As is becoming increasingly predictable for bills authored by the Idaho Family Policy Council, a Christian nationalist organization that argues the country should be run by Old Testament law, the bill is drafted so that it bans a wide swath of activity that has nothing to do with the announced intention of banning explicit performances in public.
It defines proscribed sexual conduct to include: “Sexually provocative dances or gestures performed with accessories that exaggerate male or female primary or secondary sexual characteristics.” If you understand what those terms mean, you begin to see the staggering scope of public performances that fall within the bill’s crosshairs.
Primary sexual characteristics are reproductive organs, so that part makes some sense. Secondary sexual characteristics, however, refer to an incredibly broad range of physical features that tend to develop over the course of puberty. It includes pubic hair and women’s breasts, for example, but it also includes male facial hair, wider hips in women, greater muscularity in men, a high voice in women, a low voice in men, etc.
So a bodybuilding show, for example, highlights secondary sexual characteristics. So does any dancing that involves shaking the hips. So does a beard contest. The only requirement would be that these include “sexually provocative dances or gestures” — a term that is nowhere defined and therefore entirely in the eye of the beholder.
This definition is so broad that it is hard to imagine a single concert where numerous potential violations would not occur — each representing a potential $10,000 payday for an enterprising parent. Almost no episode of “America’s Got Talent” would be in the clear. As Rep. Brooke Green, D-Boise, pointed out, it’s highly unlikely that a Madonna concert she attended as a child would be safe. Lots of plays would be on shaky ground.
The ban is so vague and broad it is highly unlikely it would survive the strict scrutiny that’s required in First Amendment cases. That’s why its authors have used the proliferating “bounty hunter lawsuit” technique, which allows a law to effectively sidestep the Constitution.
This technique was first used by Texas to effectively ban abortion before the reversal of Roe v. Wade. The idea behind it is that nobody can challenge the constitutionality of the law until they’ve already gone through court and lost a lawsuit, so it is able to exert coercive influence for a long time before it faces constitutional scrutiny.
And the coercive effect would be felt immediately. It would allow a parent to sue not only performers but promoters, so anyone who organized a concert or a play in Idaho would be facing the constant risk of an onslaught of lawsuits that could bankrupt them.
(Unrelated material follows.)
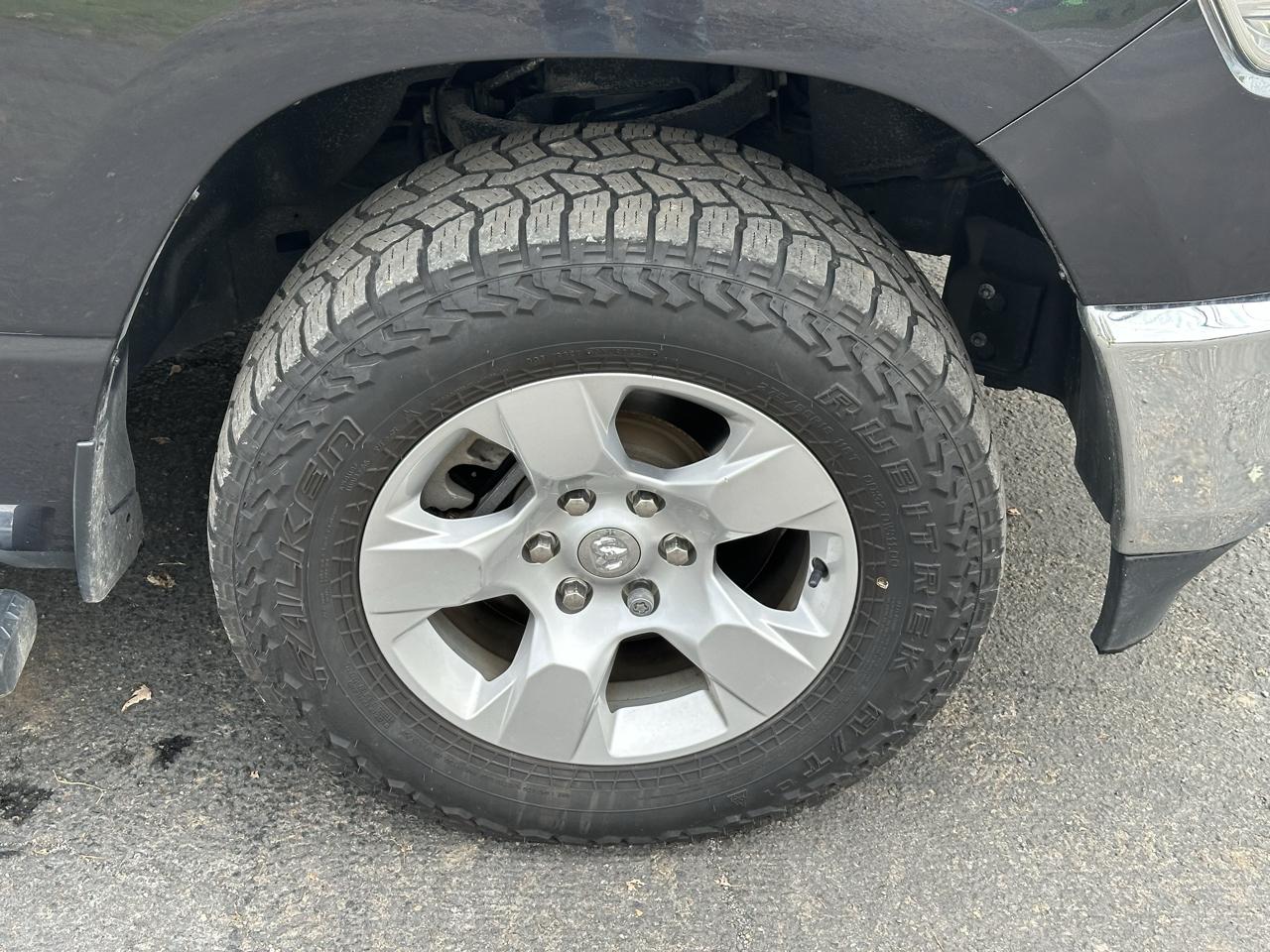 RAM 1500 Big Horn Crew Cab LWB 4WD 2020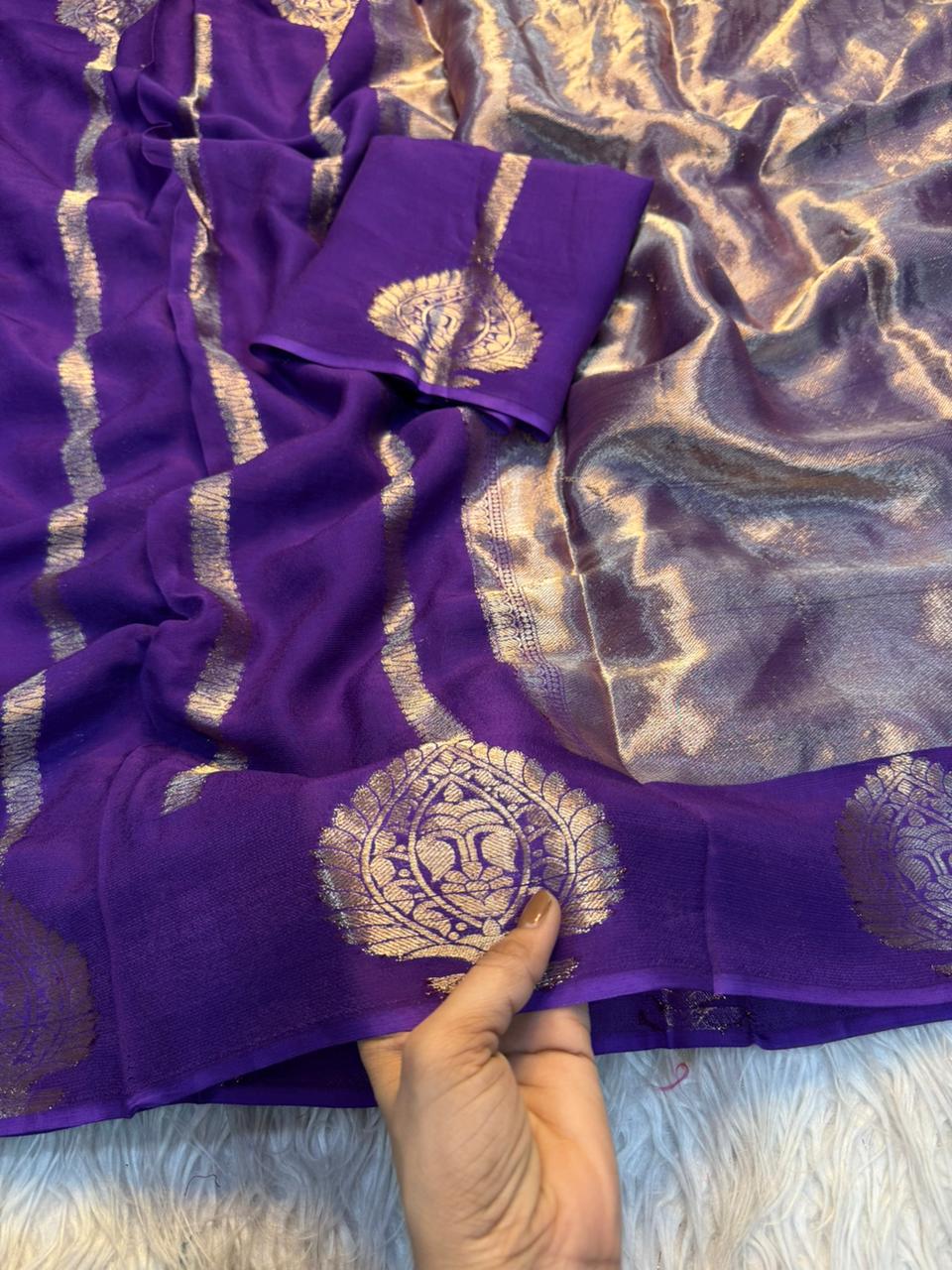 Adorning Wedding Wear Pure Viscose Dola Silk Jacquard Zari Weaving Work Fancy Designer Saree For Ocassion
It’s clear that this isn’t an accident.
Rep. John Gannon, D-Boise, made a motion to remove this bit of language, recommending the rest of the bill for passage. The Republican majority rejected that motion, insisting on keeping the language about secondary sexual characteristics.
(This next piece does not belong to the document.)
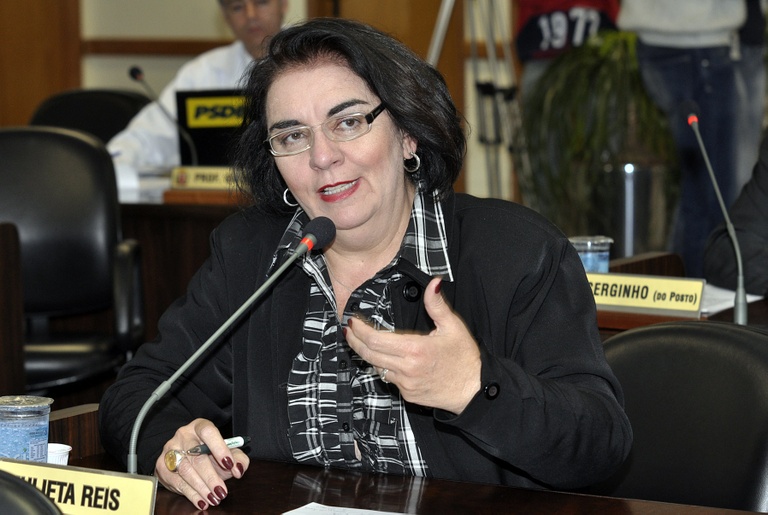 Julieta quer informações sobre terminal de ônibus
That’s why lawmakers should reject the bill. It is poorly drafted and so broad that it would have an enormous chilling effect on free expression.
But shouldn’t we do something to prevent sexually explicit performances in front of children? Of course. A law in place since the 1970s does just that.
Idaho Code 18-4105 bans uncovered genitalia or displays of sexual acts in public. These are clear lines for artists to follow so that they can predictably stay on the right side of the law, unlike the intentionally vague ones drawn up in the drag ban bill.
And as for non-explicit drag shows, there’s a solution for that, too. Parents can be responsible for deciding what kinds of shows their children should see. Don’t want your kid to see performers in drag? Don’t take them to a drag show. Problem solved.